Esaminati alla Winter School anche alcuni tra i principali lavori di Claudio Canepari, regista e produttore di film documentari e format televisivi. L’inchiesta shock Bianca Neve racconta a telecamere sempre accese il mondo della cocaina attraverso le testimonianze di 3 consumatori abituali, due adolescenti e un imprenditore. “Scacco al re” è invece una docu-fiction che ricostruisce gli ultimi giorni della caccia a Bernardo Provenzano. Canepari utilizza video originali delle forze dell’ordine, intercettazioni ambientali e telefoniche alternate alle interpretazioni di attori sempre basate su documenti originali. Passo successivo la stesura della sceneggiatura.

Metodo diverso invece per Erik Gandini regista e produttore cinematografico bergamasco trapiantato in Svezia che non scrive la sceneggiatura prima di girare un film perché privilegia nei suoi lavori “emotività ed imprevedibilità”. Così è stato in Videocracy, documentario sull’Italia berlusconiana, nelle inchieste condotte sulla base americana di Guantamano e durante il conflitto dei Balcani. In quest’ultimo caso con pochi mezzi e due “telecamerine” Gandini ha seguito per mesi in una Sarajevo distrutta dalla guerra la vita quotidiana di una coppia di fidanzati.

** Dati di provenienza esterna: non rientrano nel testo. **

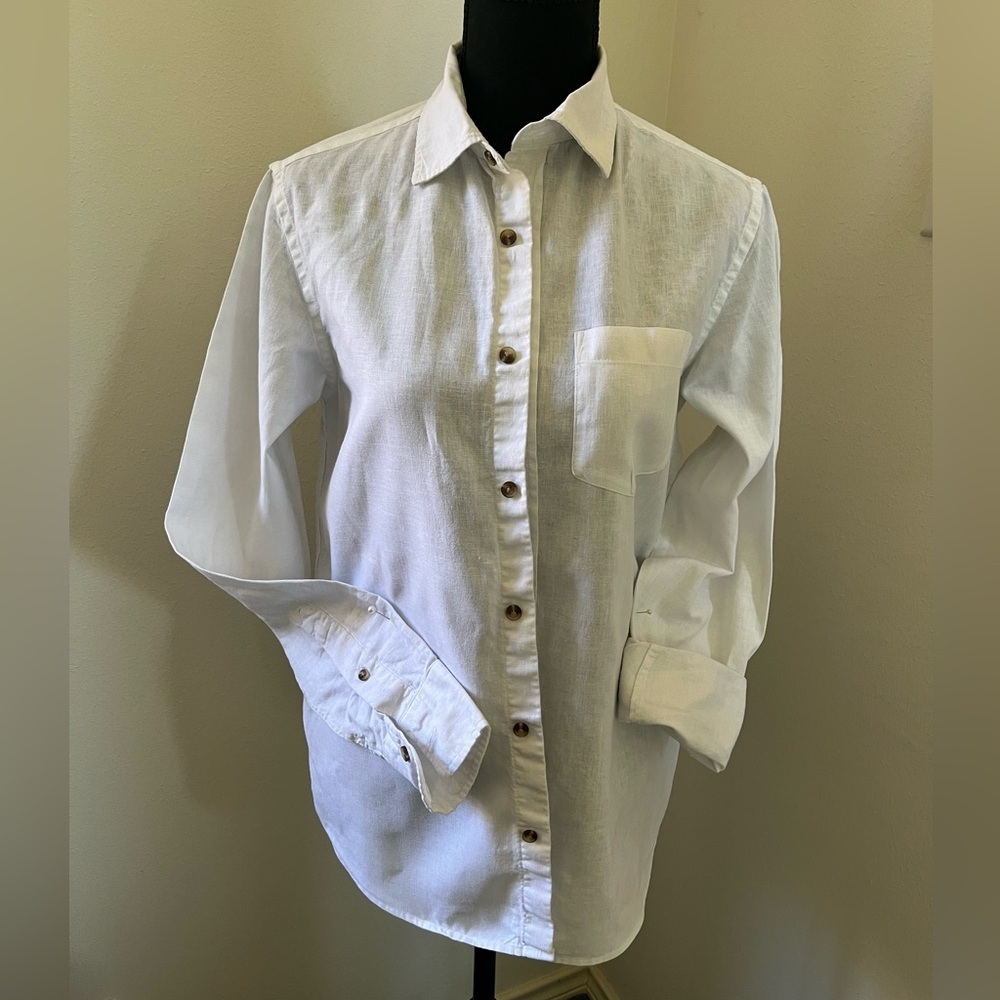 XS Old Navy Women’s Classic White Shirt, Long Sleeve, Button Up, Cotton - Picture 3 of 10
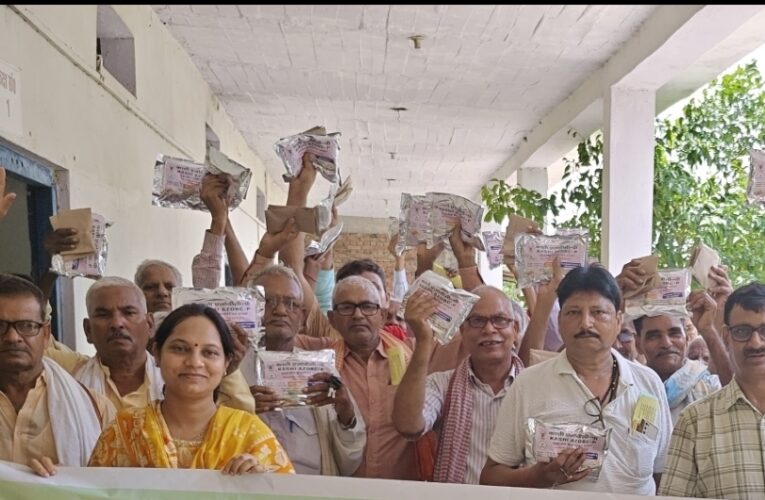 मिट्टी परीक्षण के आधार पर संतुलित उर्वरकों का प्रयोग आवश्यक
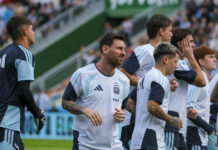 Argentina y Messi desatan la locura en Elche con un entrenamiento ante 20.000 espectadores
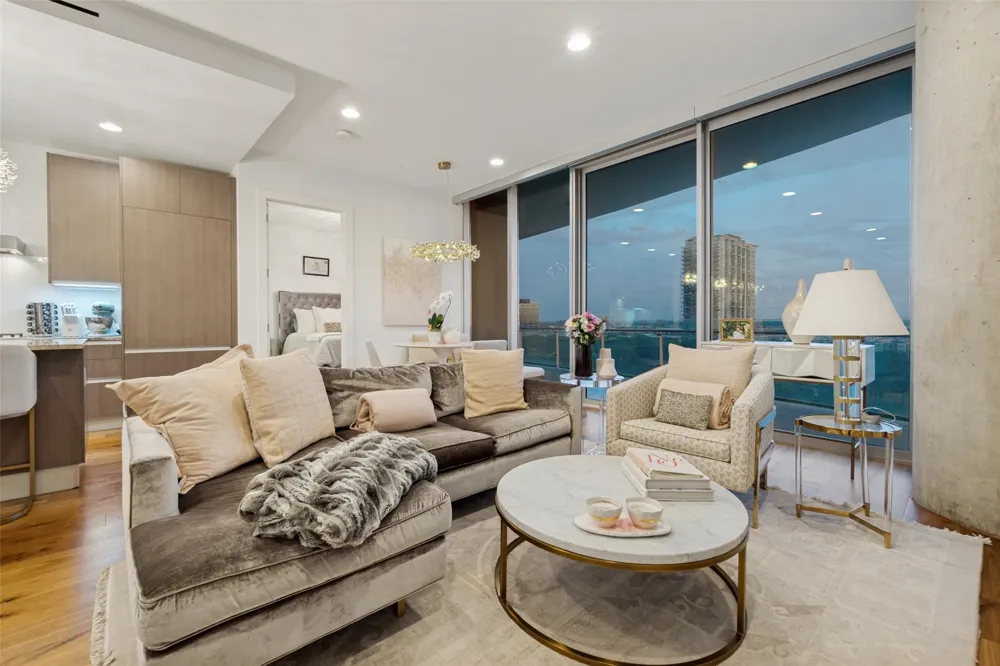 3130 Harwood Street #702 Dallas, TX 75201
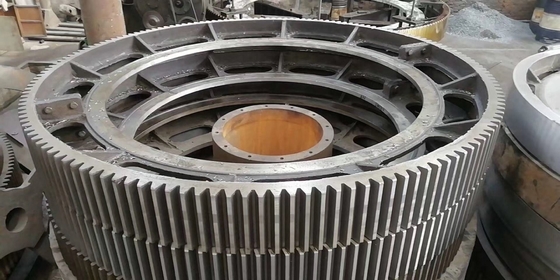 Độ cứng 220 ~ 240HB Mill Pinion Gear Big Ring Gear cho máy khai thác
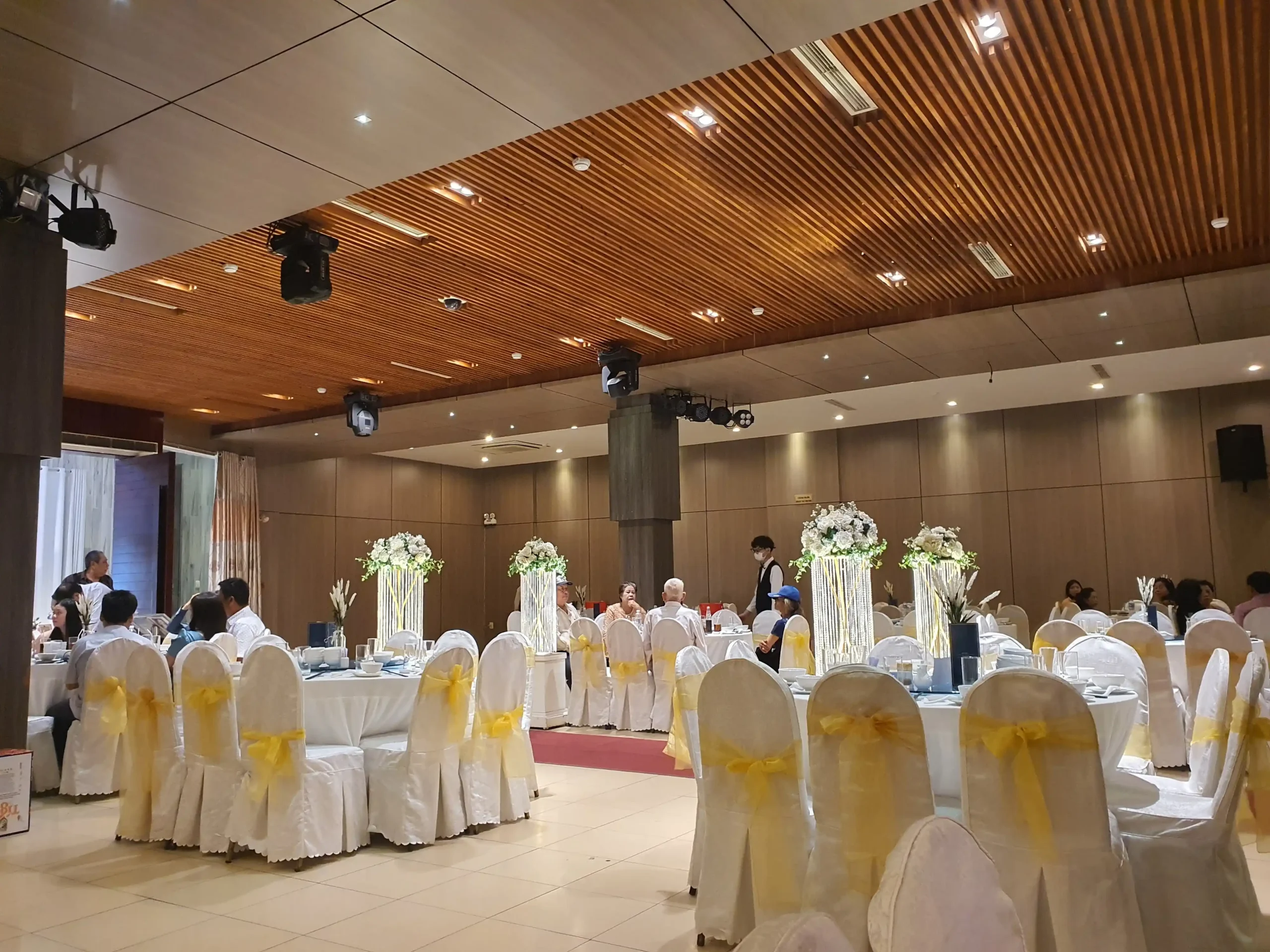 Nhà Hàng Nhơn Hòa 1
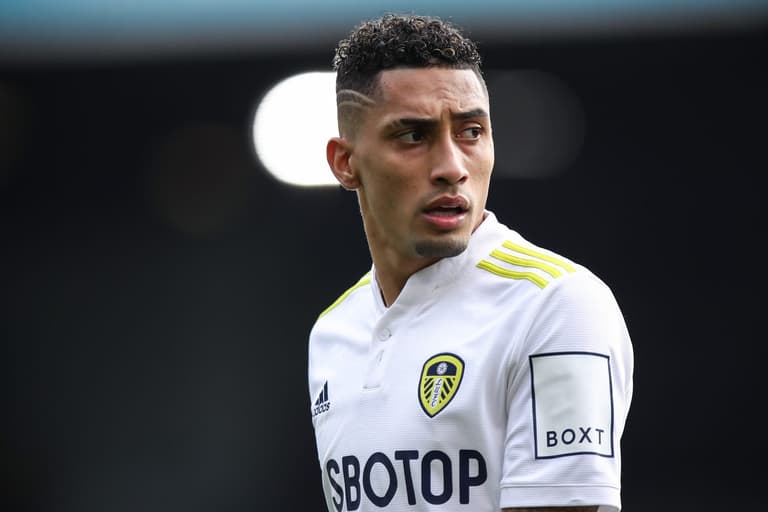 Raphinha sets Barcelona deadline to agree deal with Leeds Raphinha sets Barcelona deadline to agree deal with Leeds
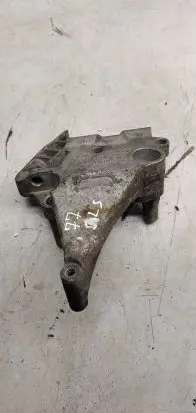 Volkswagen PASSAT B6 Engine mounting bracket 03G199207G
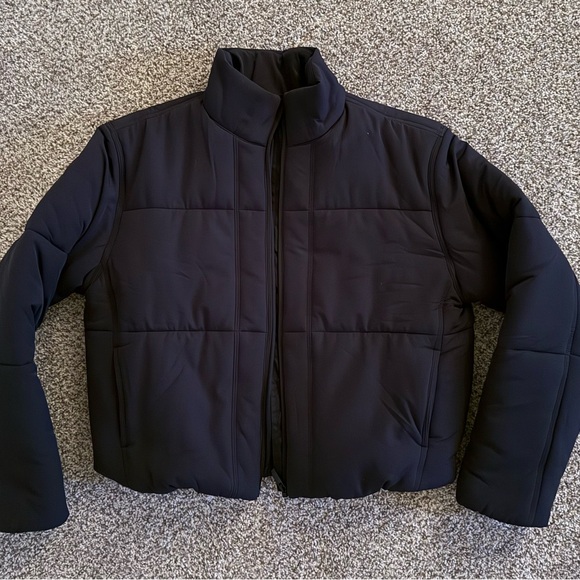 Travis Mathew Mont Blanc 3.0 Women's Black Puffer Jacket NWOT - Picture 5 of 6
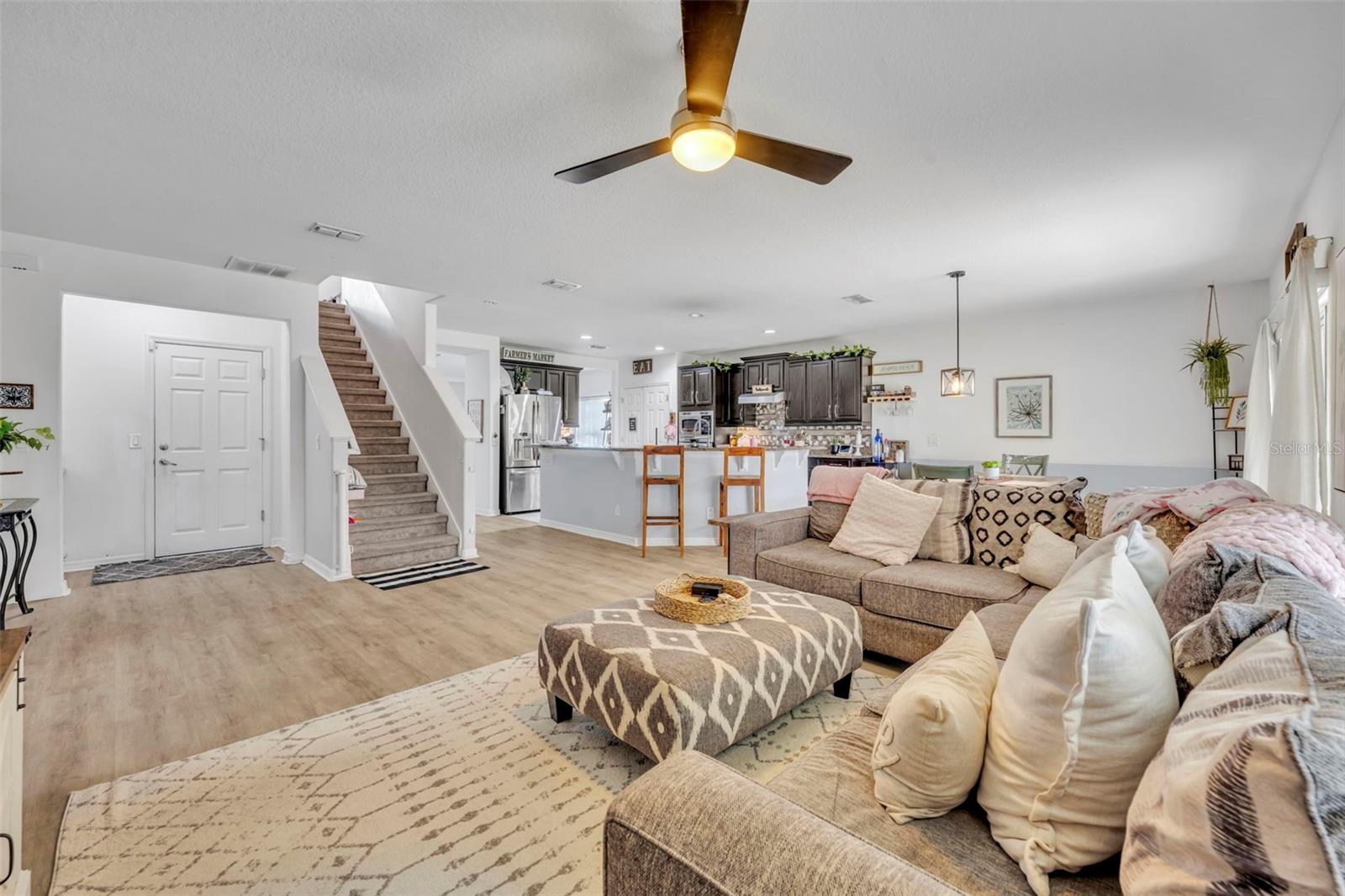 Image 11 of 33 For 10234 Lenox Street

Si definisce commercialista di professione ma a 50 anni inizia la carriera giornalistica, senza tessera. I suoi lavori vengono notati nel 1999 da Report che gli dedica una puntata intera e non lo lascia più. Giorgio Fornoni tratta temi sociali ed economici sui fronti di guerra, i più caldi. Tante telefonate andate a vuoto prima di approdare a Report. “Per questo lavoro – afferma Fornoni- servono tanta passione, voglia di raccontare e una dose di incoscienza”.

Il giornalismo di inchiesta visto da un’altra angolatura. Quella di un reporter straniero, il tedesco Udo Gümpel. Corrispondente dall’Italia per la rete televisiva Ntv, Gümpel ha scoperto gli autori della stragi naziste a Marzabotto. Li ha scovati e intervistati nelle loro case dopo anni di silenzi costringendo la autorità a riaprire i fascicoli. Gümpel è risalito a loro attraverso gli archivi americani e tedeschi. In generale il giornalista tedesco non ricorre mai alla videocamera nascosta che definisce “ inutile e dà un’idea di tv da buco della serratura. Primo passo per una buona intervista: mai domande aggressive, in fase di montaggio evitare le frasi spezzatino, pochi tagli per dare un senso compiuto ad ogni frase”.